● **Your assignment**
Beginning with the line that has "Christian Dior Silver", write out each line down to the end of the records below exactly, and include no pictures.

Collected data

+++

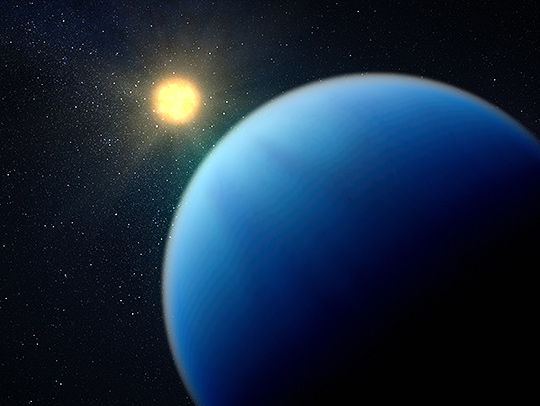 An artist’s concept shows what the hot sub-Neptune exoplanet TOI-421 b could look like. Image credit: NASA, ESA, CSA, Dani Player (STScI).
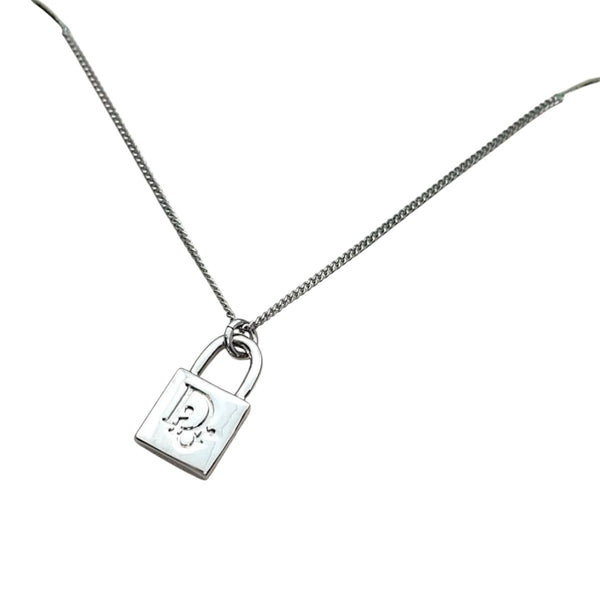 Christian Dior Silver Logo Padlock Vintage Chain Necklace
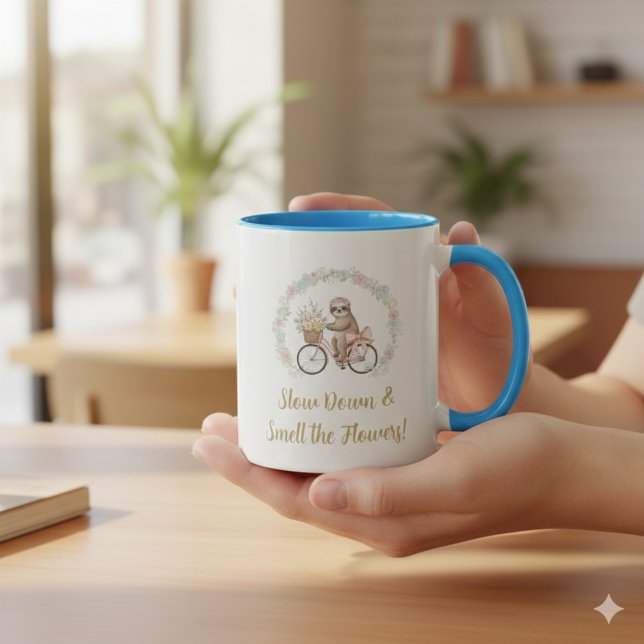 Caneca de Café de Aquarela Fofa de Preguiça & Bici (Criador carregado)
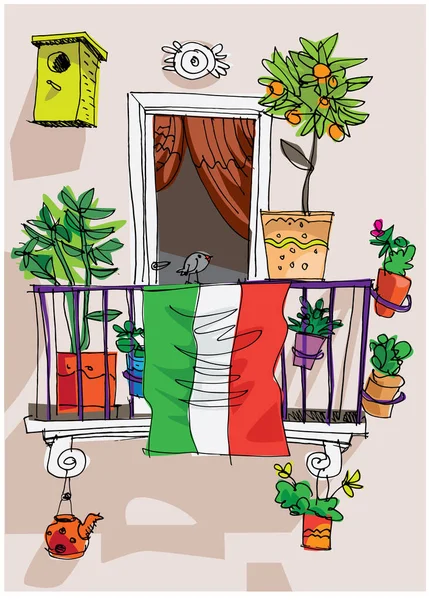 Італійський Прапор Традиційному Середземноморському Балконі Символізує Боротьбу Коронавірусною Пандемією Картун — стоковий вектор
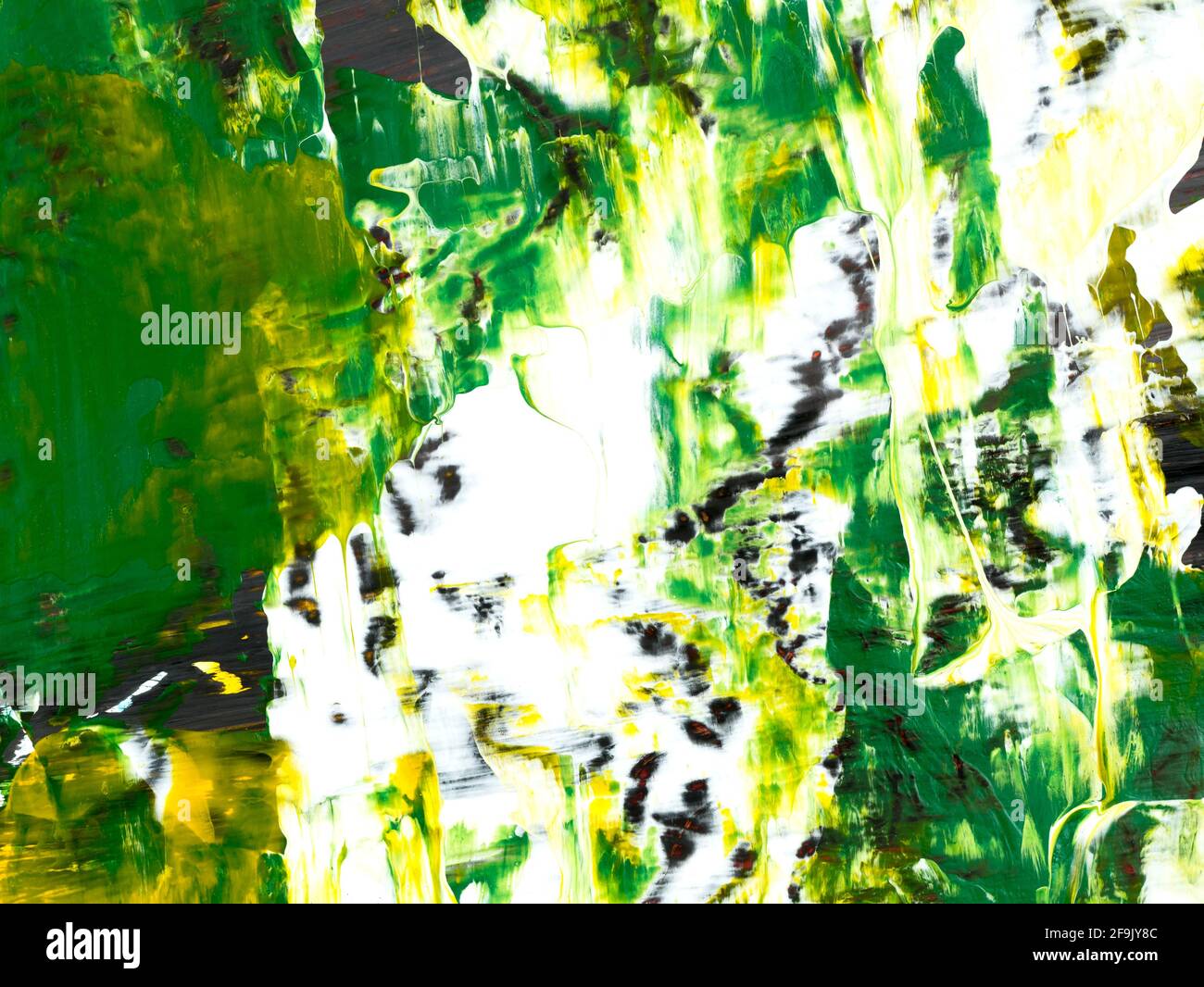 Abstrakte Kunst Malerei, grün kreative Hand bemalte Hintergrund, Marmor und Pinsel Textur, Acrylmalerei auf Leinwand. Moderne Kunst. Zeitgenössische Kunst Stockfoto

+++

● **Completed task**
 Christian Dior Silver Logo Padlock Vintage Chain Necklace
 Caneca de Café de Aquarela Fofa de Preguiça & Bici (Criador carregado)
 Італійський Прапор Традиційному Середземноморському Балконі Символізує Боротьбу Коронавірусною Пандемією Картун — стоковий вектор
 Abstrakte Kunst Malerei, grün kreative Hand bemalte Hintergrund, Marmor und Pinsel Textur, Acrylmalerei auf Leinwand. Moderne Kunst. Zeitgenössische Kunst Stockfoto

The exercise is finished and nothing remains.